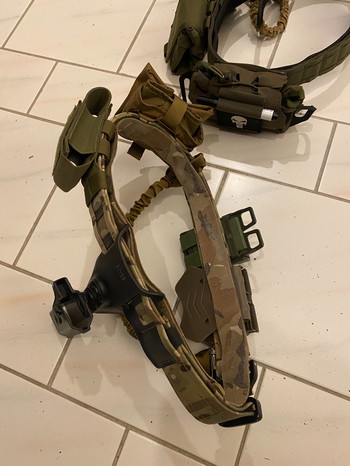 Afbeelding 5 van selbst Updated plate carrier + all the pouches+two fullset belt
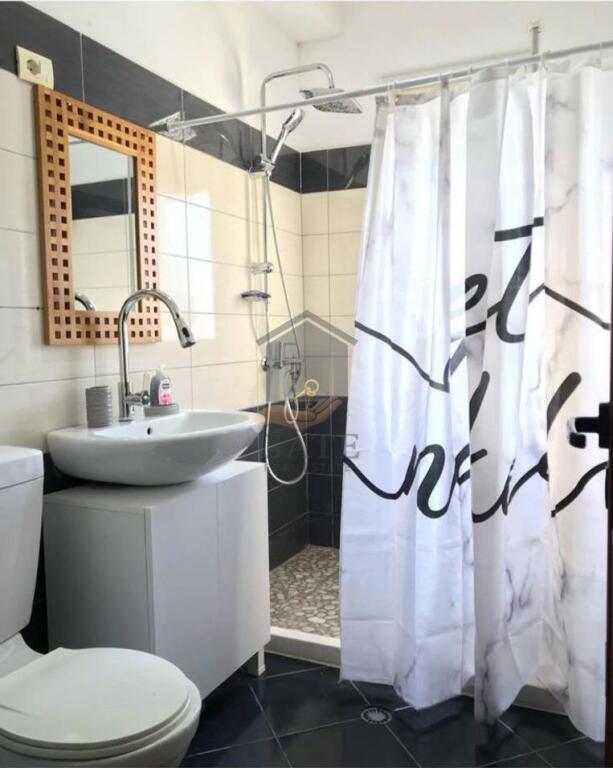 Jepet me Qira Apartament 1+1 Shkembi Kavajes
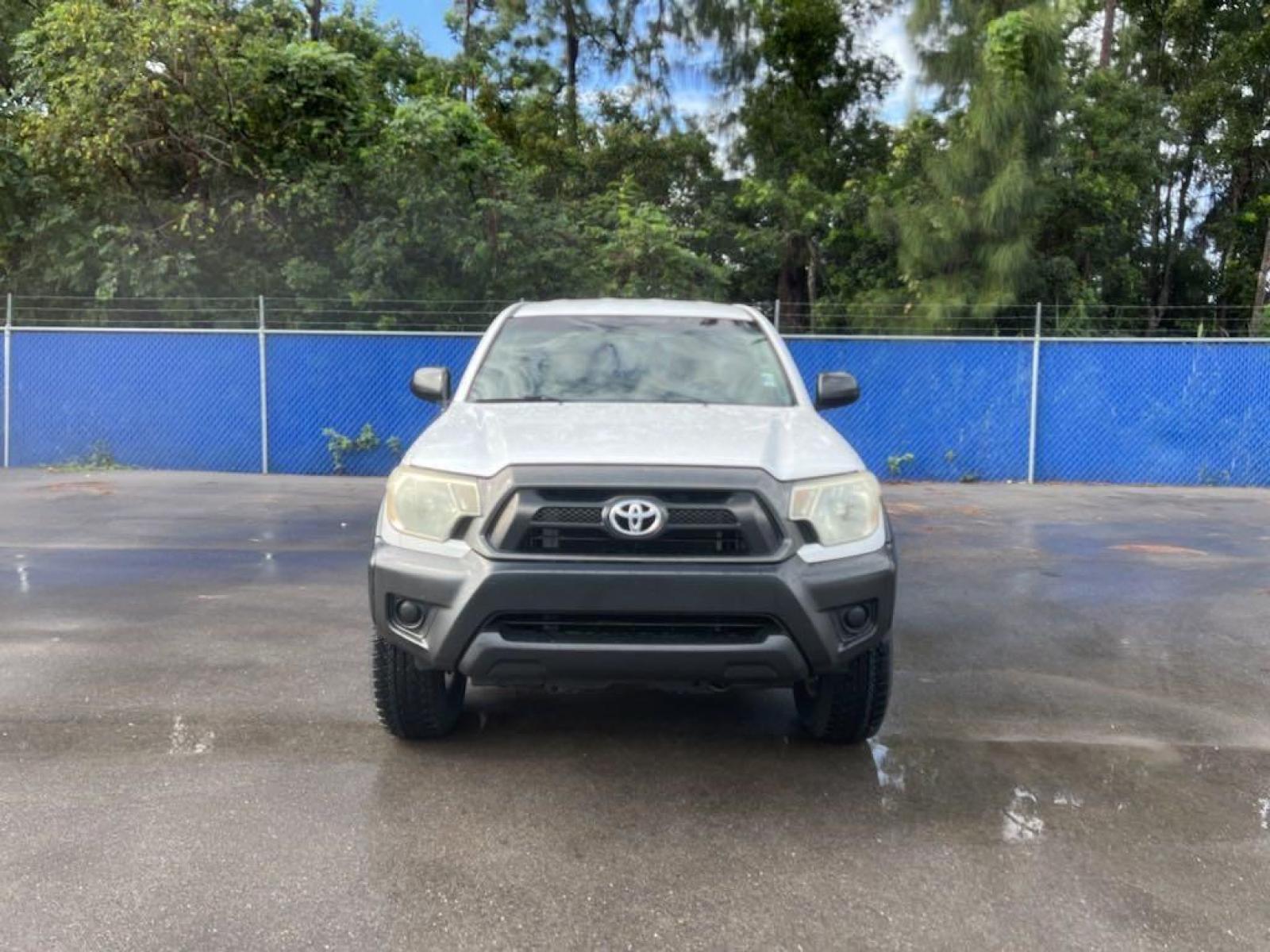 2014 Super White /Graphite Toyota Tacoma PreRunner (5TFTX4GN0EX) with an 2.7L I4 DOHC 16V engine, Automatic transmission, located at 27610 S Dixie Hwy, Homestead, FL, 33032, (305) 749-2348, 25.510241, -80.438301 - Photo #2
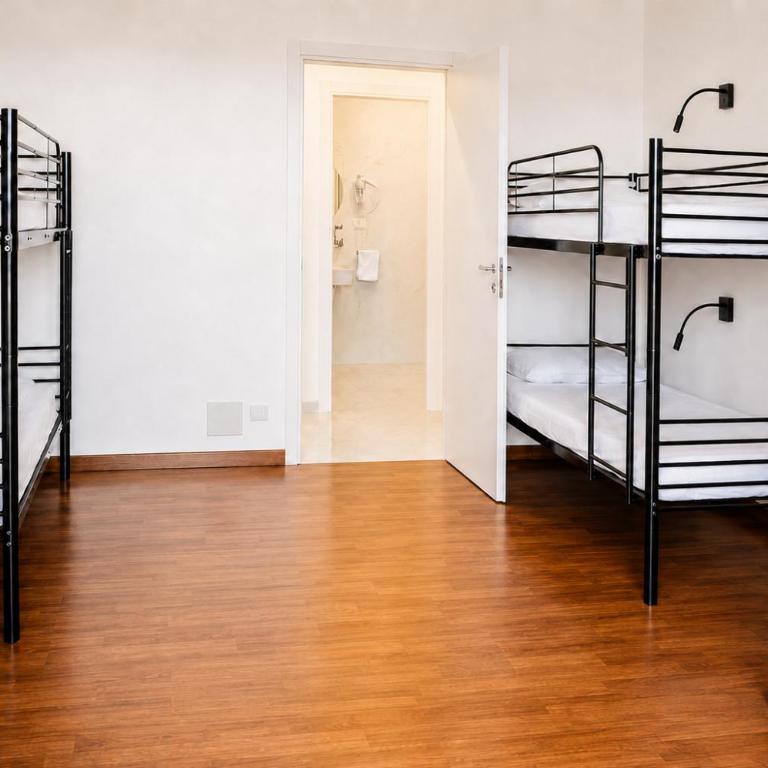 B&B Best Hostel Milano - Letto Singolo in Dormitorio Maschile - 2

§ TASK REQUIREMENTS
From the line with "Jepet me Qira Apartament 1+1 Shkembi Kavajes" to the last line above, restate each line word for word, but skip the pictures.

§ RESULT OF THE EXERCISE
 Jepet me Qira Apartament 1+1 Shkembi Kavajes
 2014 Super White /Graphite Toyota Tacoma PreRunner (5TFTX4GN0EX) with an 2.7L I4 DOHC 16V engine, Automatic transmission, located at 27610 S Dixie Hwy, Homestead, FL, 33032, (305) 749-2348, 25.510241, -80.438301 - Photo #2
 B&B Best Hostel Milano - Letto Singolo in Dormitorio Maschile - 2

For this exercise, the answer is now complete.